You might want to look at the Birmingham Six.

They were from Northern Ireland (and thus automatically suspected of
terrorism) and living in Birmingham; they were travelling to attend the
funeral of a childhood friend (and he was a terrorist); they travelled on the
day a bomb went off in Birmingham; and they played a game of cards on the
train.

Those cards were coated with nitrocellulose.

The fragments of nitrocellulose on their hands tested positive as
nitroglycerine, and that bit of "evidence" was used to convict them of a crime
they did not commit and imprison them for very many years.

[http://www.bbc.co.uk/news/uk-england-12664938](http://www.bbc.co.uk/news/uk-
england-12664938)

You shouldn't make assumptions.

------
js2
I set off the chemical detector at SFO once.

I'm convinced it was because I'd been to one of those indoor go-kart'ing
places the day before as part of a company event, and wore the same jeans.

Extended screening was not a fun experience. I've always opted out so I'm used
to the standard pat down.

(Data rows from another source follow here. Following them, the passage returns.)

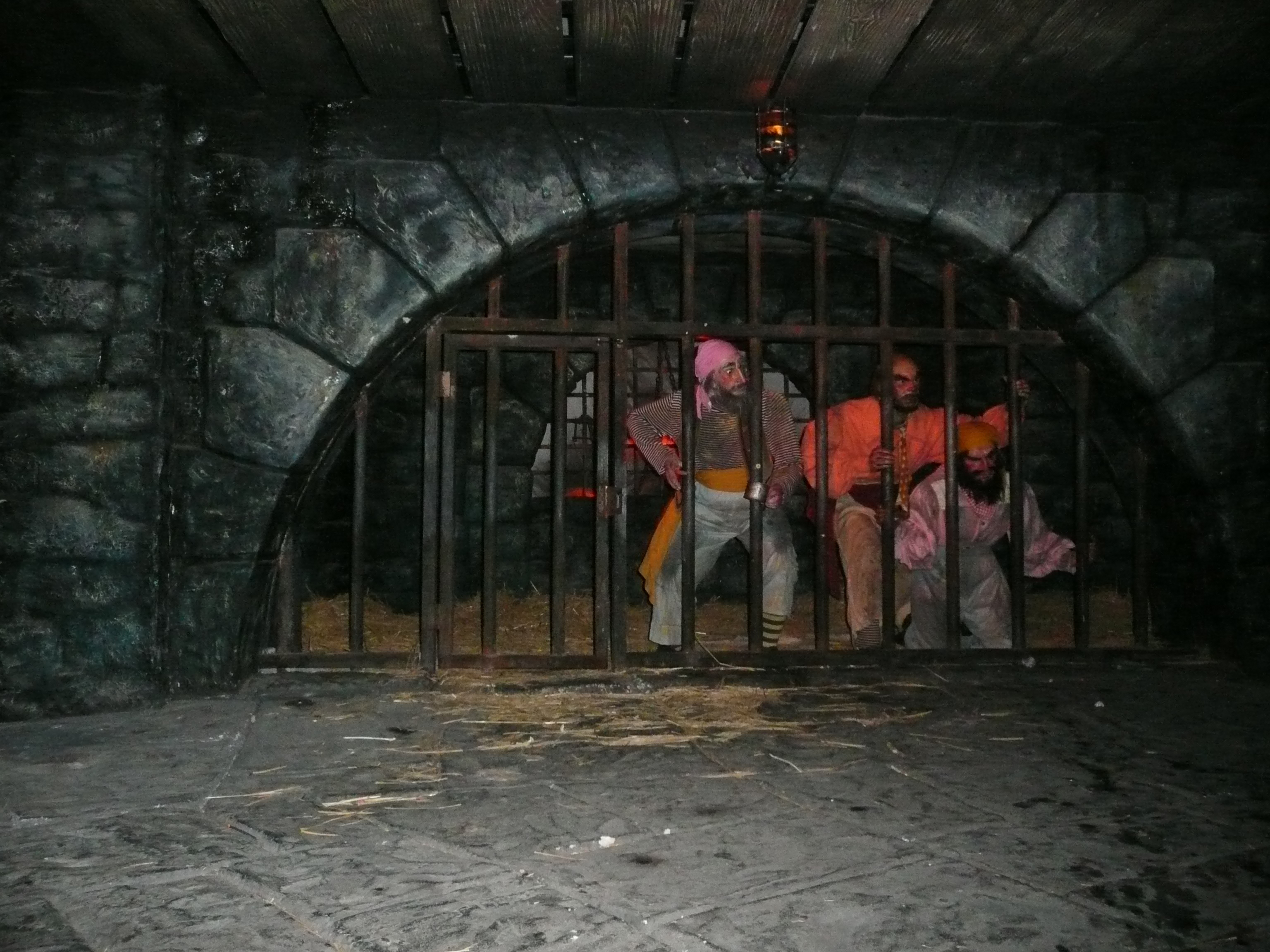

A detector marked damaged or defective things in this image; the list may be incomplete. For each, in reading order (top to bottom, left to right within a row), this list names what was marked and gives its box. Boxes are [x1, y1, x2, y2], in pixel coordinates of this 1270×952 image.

rusty metal bar [274, 531, 301, 655]
rusty metal bar [348, 396, 368, 655]
rusty metal bar [421, 325, 442, 675]
rusty metal bar [439, 340, 460, 660]
rusty metal bar [480, 347, 500, 660]
rusty metal bar [549, 246, 569, 655]
rusty metal bar [592, 347, 612, 665]
rusty metal bar [612, 224, 632, 670]
rusty metal bar [680, 214, 701, 665]
rusty metal bar [742, 208, 762, 655]
rusty metal bar [442, 317, 1067, 350]
rusty metal bar [813, 219, 833, 655]
rusty metal bar [878, 233, 899, 650]
rusty metal bar [940, 261, 955, 655]
rusty metal bar [1006, 302, 1026, 655]
rusty metal bar [1072, 360, 1092, 655]
rusty metal bar [1138, 439, 1158, 650]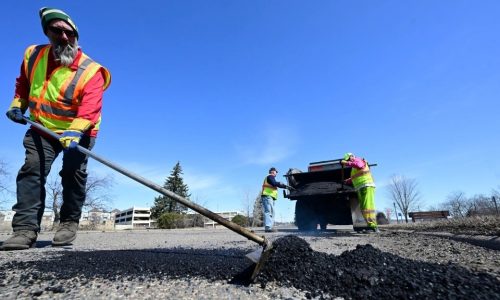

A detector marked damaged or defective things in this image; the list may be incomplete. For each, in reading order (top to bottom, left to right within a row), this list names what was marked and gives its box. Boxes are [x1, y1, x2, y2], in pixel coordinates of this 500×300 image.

asphalt patch [246, 236, 500, 298]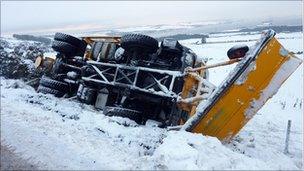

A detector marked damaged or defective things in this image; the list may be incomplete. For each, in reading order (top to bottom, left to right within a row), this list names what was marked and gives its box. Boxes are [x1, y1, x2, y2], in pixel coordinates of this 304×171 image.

overturned truck [35, 29, 302, 142]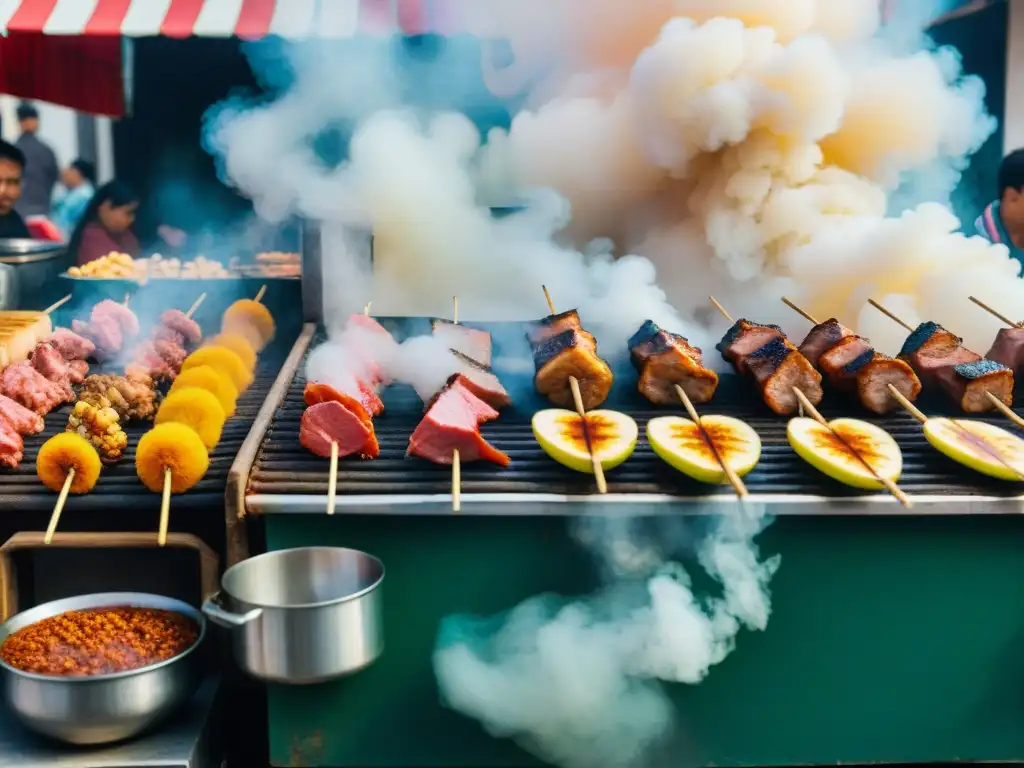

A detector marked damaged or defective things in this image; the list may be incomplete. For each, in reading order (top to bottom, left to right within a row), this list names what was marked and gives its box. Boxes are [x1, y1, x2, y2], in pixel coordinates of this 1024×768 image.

rusty metal edge [224, 321, 315, 569]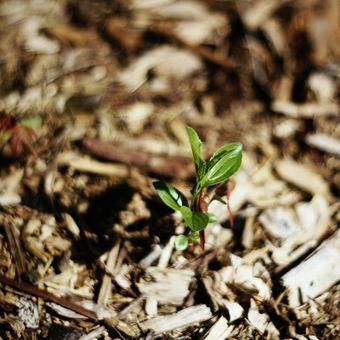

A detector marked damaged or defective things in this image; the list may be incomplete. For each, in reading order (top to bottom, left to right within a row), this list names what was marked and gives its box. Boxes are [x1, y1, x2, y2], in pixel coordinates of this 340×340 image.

splintered wood piece [82, 137, 194, 179]
splintered wood piece [97, 240, 120, 306]
splintered wood piece [282, 230, 340, 306]
splintered wood piece [0, 274, 97, 322]
splintered wood piece [139, 306, 211, 334]
splintered wood piece [203, 316, 232, 340]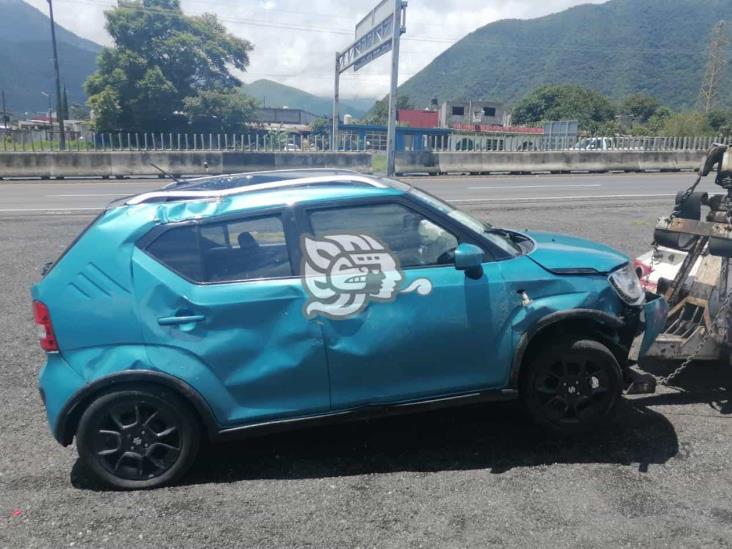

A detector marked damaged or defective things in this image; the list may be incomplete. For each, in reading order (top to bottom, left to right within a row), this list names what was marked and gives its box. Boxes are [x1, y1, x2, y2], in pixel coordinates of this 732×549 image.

This was a lot more invasive. I was directed to a
private area with two security officers (SFO uses a private contractor, not
TSA). Besides a more thorough pat down, my bag was unpacked and its items were
swabbed and chemical tested. I don't think the chemical tester went off a
second time. The whole procedure took about 15 minutes. It's not the easiest
situation in which to remain calm.

But, instead of getting annoyed at the security personnel (TSA or otherwise),
I remind myself that this is ultimately the doing of congress and my fellow
citizens. And then I send the ACLU another donation.

------
jacquesm
What a horrific story. JetBlue doesn't deserve any high marks for their
actions here either.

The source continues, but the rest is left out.